Saturday, January 5, 2013

Secret Psychics

Gee, if the Academy for Psychic Studies had fundraisers like this...


Found the article below at: http://tinyurl.com/6jg2s7m

The article below is an editorial written by Mitch Horowitz and is a great use of Steve Hassan's BITE model for identifying a cult or controlling group.  Mr. Horowitz describes the Academy for Psychic Studies so well, I'd swear he was right there with us.

It's probably the best description of our experience at the Academy for Psychic Studies I have seen.
The key is secrecy.  Keep the goings-on behind the iron gate a secret.  Be sure the members don't find out what is happening a the top of the heap.  Never allow anyone from the outside (like a journalist) to look behind the gate - unless you have complete control over what they do and do not see.

Yes, we did have an extreme leader and extreme leader-etts who kept the Academy on it's mission of exploitation.  Sure, information from the outside was controlled, our thinking was modified, our behavior closely modified and our emotions were controlled with the taunt to "stay neutral" while we were tortured, humiliated, blackmailed or pummeled with insults and deeply degrading healing sessions that were more like an interrogation at the hands of the Gestapo.

The founder, Bill Duby was fond of saying "Don't fuck with me when it comes to money!"  The Academy's finances were a dark secret.  They had money.  A lot of it.  They got it from their followers.  The Academy for Psychic Studies never released an annual report nor were anyone besides certain members of the Board of Directors were allowed to know where the money came from and were it was going.  Maybe those select board members were the ones raking it in for themselves.

How could we say this?

Did we know how the leaders (who had no jobs) could tell us they were poor as dirt but were able to drive luxury cars?  Were we told how Bill Duby could acquire apartment buildings, a farm and other properties while he slumped in his chair moaning about how broke he was?   Did anyone know how it was possible that the leaders could use Academy money to pay for whatever the hell they wanted?

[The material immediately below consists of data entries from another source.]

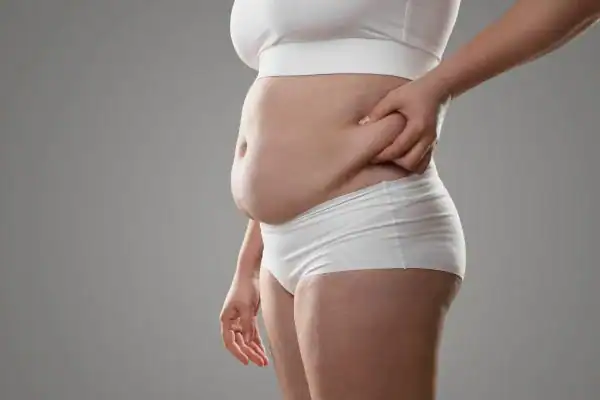 Image of stress belly Buxton How Lipo 360 can help manage your symptoms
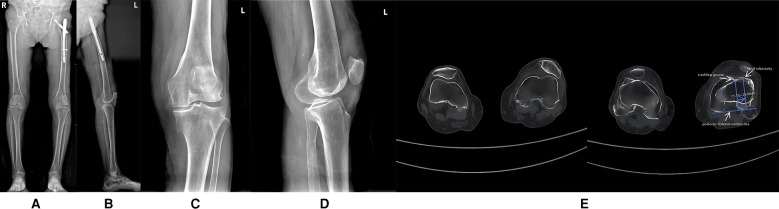 Figure 1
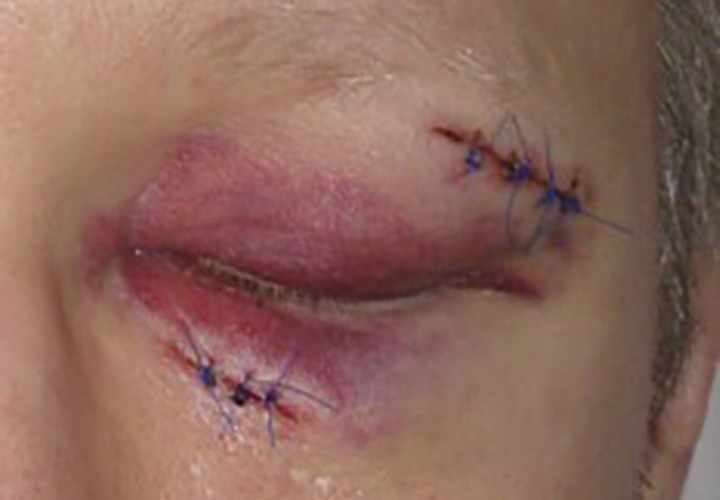 A nurse was attacked at Abbotsford Regional Hospital over the weekend, says the BC Nurses’ Union.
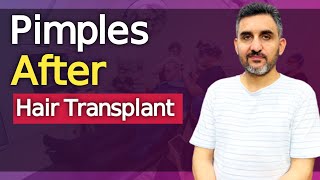 Pimples after Hair Transplant [upl. by Naujet876]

I remember accompanying Bill Duby and Angela Silva to an RV dealership.  Bill wanted a new RV.  The one he wanted cost over $60,000.  Bill made the deal on the spot, then asked to use my phone, explaining he had to call a board member to say he's making the purchase.  Obviously, the deal was already done so the board member couldn't do a damn thing to object anyway.  When he returned from his shopping spree, Bill told everyone he mocked up his new toy and that he bought it personally.  There was no mention that he used church funds to buy it and I was too smart to talk about what actually happened.

Bill's own personal history was also distorted and exaggerated.  Bill's accomplishments were much more than any one person could have achieved in the time he had.   Computer programmer, construction expert, soldier, father, husband, preacher, gambler, lady's man, businessman, prophet, scholar and spiritually perfect being were only some of the claims he made.

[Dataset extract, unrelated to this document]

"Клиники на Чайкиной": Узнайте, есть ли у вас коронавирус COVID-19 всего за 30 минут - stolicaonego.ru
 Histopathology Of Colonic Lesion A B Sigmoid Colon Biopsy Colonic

Why was the public history of Bill Duby so fantastic and superhuman while the truth behind the tall tales told an entirely different story?  And why was any question or doubt about the supernatural accomplishments of the leaders met with an overwhelming wave of degradation and hostility from the leaders and their deluded followers?

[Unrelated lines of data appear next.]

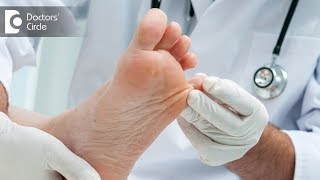 Diagnosis and prevention of Diabetic foot  Dr Mohan M R [upl. by Najed]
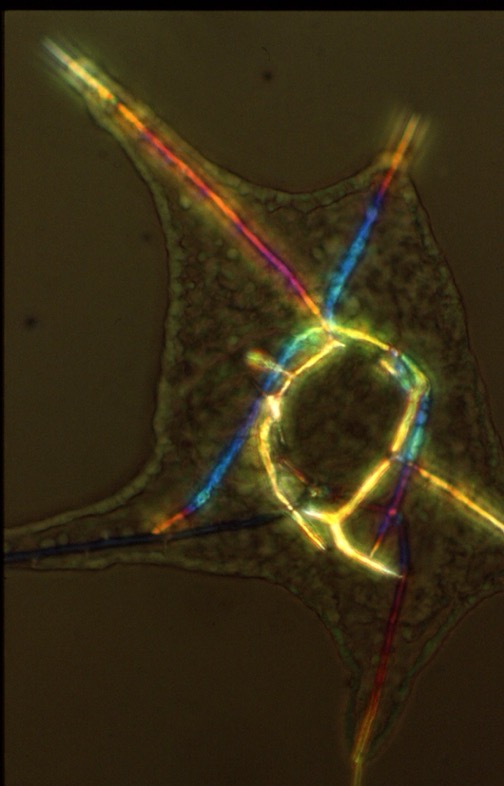 L. variegatus pluteus - NiCl2 - polarization microscopy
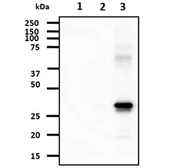 Anti-AK3 antibody [SJB3-36] used in Western Blot (WB). GTX57541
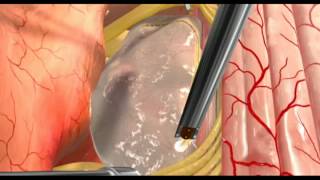Spine Tumour SurgeryVideo In India Spine Tumour SurgeryVideo In India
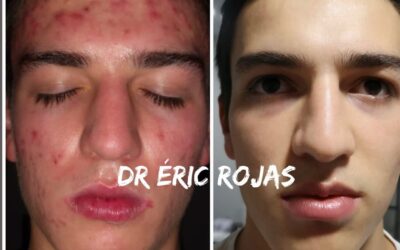 ACNE DR ÉRIC ROJAS 22483535 búscanos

Take a look at this comment from a former member:
Anonymous said...
I know many secrets at SRF and would be oh to happy to tell everyone who reads this, including those who are on the fence still at the cult. 
1. Rev. Bill molested a person who was associated with the church. 
2. Rev. Bill took money out of the donation box for his own needs. He would take out all the large bills and leave just the dollar bills in there. 
3.When Rev. Bill took his name off all the legal documents regarding the whole corporation including all umbrella companies, he did so to not draw attention from the IRS, and any possible future lawsuit regarding molestation case against him. 
4.Rev. Angela and Rev. Bill were lovers then Rev. Bill dropped Rev. Angela full time after she got jealous over Rev. Bill's attention towards Rev. Robin. Rev. Angela went out and got drunk and picked up some stranger in a bar for a night of self destructive behavior. Oh yah, she was on the board of directors of the church. Nice example! 
5. Rev. Bill made sure that all properties and assets associated with the church, are to benefit two people and only 2 people....Rev. Angela Silva and Rev. Robin DuMolin. So, if they want to pull the plug at anytime, they would walk away with all the assets.
If they sell off the many properties, or liquidate any stock or bonds bought with church monies, they would go to Rev. Angela Silva and Rev. Robin DuMolin. 
NO ONE ELSE IN THE CHURCH, INCLUDING THOSE WHO ARE NOT ON THE BOARD OF DIRECTORS GETS A DIME! 
Any student who is going through the training right now or in the future doesn't get a thing. 
Any current or past minister associated with the church doesn't get a thing if the place goes under. 
And believe me, many old and new ministers don't know this! 
Those who do know, are so conditioned to look the other way, because if they spoke up they would get verbally beaten down and isolated. 
They were told to shut down the place and start again with all new people. 
The current church bishop basically is a yes man for the two current top leaders, so not to catch the heat from above. Nice....!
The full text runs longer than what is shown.